But me saying “you mattered to me” - that helped him feel he mattered. Not just his teaching, but as a person who exemplified what he taught.
I was thankful he felt appreciated. Yet I was also overwhelmed to realize: my words mattered? Me - someone who felt invisible at that point in my life - my words had made a difference?
Realizing we matter - acknowledging to other people that they matter - realizing that our words impact other people also says we matter - this shows the power of appreciation to nurture and heal.
THE INVITATION
For the next week, try this: Each day, tell one person specifically how their presence (not just their work) matters to you. Notice what happens - in them, and in you.
Let’s bring our wholehearted presence in ways no one else can.
A RETHINK ON “HOW WE RELATE TO OTHERS QUIZ” (previously “What Gets in the Way of Cherishing?”
Since launching the website quiz I’ve been listening to your responses and how it made you feel. I realized something important, so I redesigned and renamed it. It’s now “Discover Your Connection Pattern”.
The quiz now reflects that no matter where you are in your connection journey - whether you’re just beginning to question your patterns or you’re already discovering new ways of relating - you matter exactly as you are.

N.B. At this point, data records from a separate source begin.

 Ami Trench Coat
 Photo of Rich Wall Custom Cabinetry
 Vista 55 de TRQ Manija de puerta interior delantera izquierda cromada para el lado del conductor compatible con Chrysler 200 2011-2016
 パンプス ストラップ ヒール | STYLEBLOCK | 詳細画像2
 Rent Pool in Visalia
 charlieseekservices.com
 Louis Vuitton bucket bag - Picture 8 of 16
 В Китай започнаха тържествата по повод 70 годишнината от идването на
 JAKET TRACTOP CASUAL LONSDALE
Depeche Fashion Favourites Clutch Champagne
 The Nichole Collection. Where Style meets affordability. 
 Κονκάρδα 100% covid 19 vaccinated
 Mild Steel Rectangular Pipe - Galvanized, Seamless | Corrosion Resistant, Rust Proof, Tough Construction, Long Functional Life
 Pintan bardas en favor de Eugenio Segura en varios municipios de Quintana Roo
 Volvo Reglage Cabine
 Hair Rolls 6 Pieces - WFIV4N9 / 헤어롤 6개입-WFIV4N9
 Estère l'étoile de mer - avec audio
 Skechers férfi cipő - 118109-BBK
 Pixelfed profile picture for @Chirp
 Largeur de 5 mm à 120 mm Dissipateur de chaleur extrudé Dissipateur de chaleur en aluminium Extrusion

Each result acknowledges that every kind of relationship pattern has both strengths and challenges. The question is “how do we want to relate now in the mosaic of our life?”
If you took the quiz before, I invite you to take it again. Discover Your Connection Pattern
Let me know in the comments, from your reflection on the article and quiz, how you feel you matter. We will talk about discovering our uniqueness in a future post.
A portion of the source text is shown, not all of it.